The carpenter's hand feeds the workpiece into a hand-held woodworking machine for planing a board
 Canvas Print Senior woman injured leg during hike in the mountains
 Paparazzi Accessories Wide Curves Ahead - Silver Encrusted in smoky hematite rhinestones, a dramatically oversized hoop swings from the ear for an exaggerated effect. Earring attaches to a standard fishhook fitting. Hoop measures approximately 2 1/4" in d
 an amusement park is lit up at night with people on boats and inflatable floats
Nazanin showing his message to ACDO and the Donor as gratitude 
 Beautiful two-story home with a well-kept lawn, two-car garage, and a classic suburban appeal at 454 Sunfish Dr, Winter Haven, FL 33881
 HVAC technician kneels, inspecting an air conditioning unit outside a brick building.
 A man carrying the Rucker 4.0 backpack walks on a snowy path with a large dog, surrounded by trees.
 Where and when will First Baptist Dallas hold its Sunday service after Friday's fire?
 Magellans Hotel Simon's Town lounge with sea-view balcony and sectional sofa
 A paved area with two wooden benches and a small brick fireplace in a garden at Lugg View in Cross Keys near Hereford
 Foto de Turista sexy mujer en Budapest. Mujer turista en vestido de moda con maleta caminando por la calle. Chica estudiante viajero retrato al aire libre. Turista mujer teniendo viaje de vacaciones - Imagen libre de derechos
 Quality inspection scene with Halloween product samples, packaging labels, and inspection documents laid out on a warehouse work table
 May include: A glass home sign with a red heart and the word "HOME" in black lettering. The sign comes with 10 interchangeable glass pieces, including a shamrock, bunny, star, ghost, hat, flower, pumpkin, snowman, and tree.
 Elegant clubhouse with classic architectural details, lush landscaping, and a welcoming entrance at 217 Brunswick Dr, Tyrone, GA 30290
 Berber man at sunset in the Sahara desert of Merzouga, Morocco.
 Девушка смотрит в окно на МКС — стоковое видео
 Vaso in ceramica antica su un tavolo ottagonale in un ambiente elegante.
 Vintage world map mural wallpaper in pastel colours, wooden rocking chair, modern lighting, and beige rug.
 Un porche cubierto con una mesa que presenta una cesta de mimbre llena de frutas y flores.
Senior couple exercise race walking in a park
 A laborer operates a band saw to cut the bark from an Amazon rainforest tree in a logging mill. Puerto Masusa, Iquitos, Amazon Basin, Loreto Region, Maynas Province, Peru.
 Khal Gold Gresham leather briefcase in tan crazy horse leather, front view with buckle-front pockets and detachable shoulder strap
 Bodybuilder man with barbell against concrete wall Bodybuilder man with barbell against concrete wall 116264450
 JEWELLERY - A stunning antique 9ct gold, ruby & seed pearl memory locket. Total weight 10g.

*****

### Problem description
The response should hold exactly the lines starting at the line with "Elegant clubhouse with" and ending at the line with "Vaso in ceramica", and no other line of the material above.

### Output for this task
 Elegant clubhouse with classic architectural details, lush landscaping, and a welcoming entrance at 217 Brunswick Dr, Tyrone, GA 30290
 Berber man at sunset in the Sahara desert of Merzouga, Morocco.
 Девушка смотрит в окно на МКС — стоковое видео
 Vaso in ceramica antica su un tavolo ottagonale in un ambiente elegante.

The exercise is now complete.